SAF, DEFENSE DISTRIBUTED ADD DEFENDANTS IN AMENDED LAWSUIT

BELLEVUE, WA – The Second Amendment Foundation and Defense Distributed have amended their lawsuit to include four more state and local officials, accusing them of “unconstitutional prior restraint” by attempting to prevent online sharing of 3-D firearms printing technology despite a Justice Department settlement of a lawsuit earlier this summer.

The lawsuit, filed in U.S. District Court for the Western District of Texas in Austin, now names New York Gov. Andrew Cuomo, Pennsylvania Gov. Thomas Wolf, Delaware Attorney General Matthew Denn, Pennsylvania Attorney General Josh Shapiro, along with original defendants, New Jersey Attorney General Gurbir S. Grewal and L.A. City Attorney Michael Feuer. A settlement between Defense Distributed and the U.S. Justice Department ending a lengthy legal action that would have allowed the Texas-based firm to post its 3-D printing information online, as of Aug. 1.
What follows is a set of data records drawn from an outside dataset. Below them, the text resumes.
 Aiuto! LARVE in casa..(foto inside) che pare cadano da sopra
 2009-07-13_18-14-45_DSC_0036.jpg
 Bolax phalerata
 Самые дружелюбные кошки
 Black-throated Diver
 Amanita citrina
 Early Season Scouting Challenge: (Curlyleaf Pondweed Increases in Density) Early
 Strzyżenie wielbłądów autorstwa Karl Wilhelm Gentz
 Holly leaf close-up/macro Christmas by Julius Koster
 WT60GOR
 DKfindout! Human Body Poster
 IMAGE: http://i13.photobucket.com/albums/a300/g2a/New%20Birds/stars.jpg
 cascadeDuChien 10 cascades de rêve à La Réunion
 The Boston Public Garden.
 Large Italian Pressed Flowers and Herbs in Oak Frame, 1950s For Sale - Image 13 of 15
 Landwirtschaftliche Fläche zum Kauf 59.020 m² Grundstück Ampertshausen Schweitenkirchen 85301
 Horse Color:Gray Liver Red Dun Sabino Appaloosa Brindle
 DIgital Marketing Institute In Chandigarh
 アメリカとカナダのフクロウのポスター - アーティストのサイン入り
But the defendants, according to the amended complaint, “are so eager to abridge the Second Amendment’s right to keep and bear Arms that they are willing abridge the First Amendment as a means of doing so.”

“Under the color of state law, the Defendants are denying us our civil and constitutional rights by waging a coordinated and politically fueled campaign to censor Defense Distributed,” said SAF founder and Executive Vice President Alan M. Gottlieb.

“What these public officials are attempting is an unconstitutional exercise of prior restraint,” he added. “They are trying to prevent Defense Distributed and its founder, Cody Wilson, from exercising free speech.”

Wilson and SAF had been engaged in a lawsuit against the government for preventing the online publication of the 3-D technology. But when the settlement was announced earlier this year, the officials named in the complaint launched an effort to block it from taking effect.

“This has turned into a classic First Amendment case,” Gottlieb said. “Only because this case involves technical information on production of firearm components on a 3-D printer have these anti-rights officials acted to squelch it. We cannot allow this to happen.”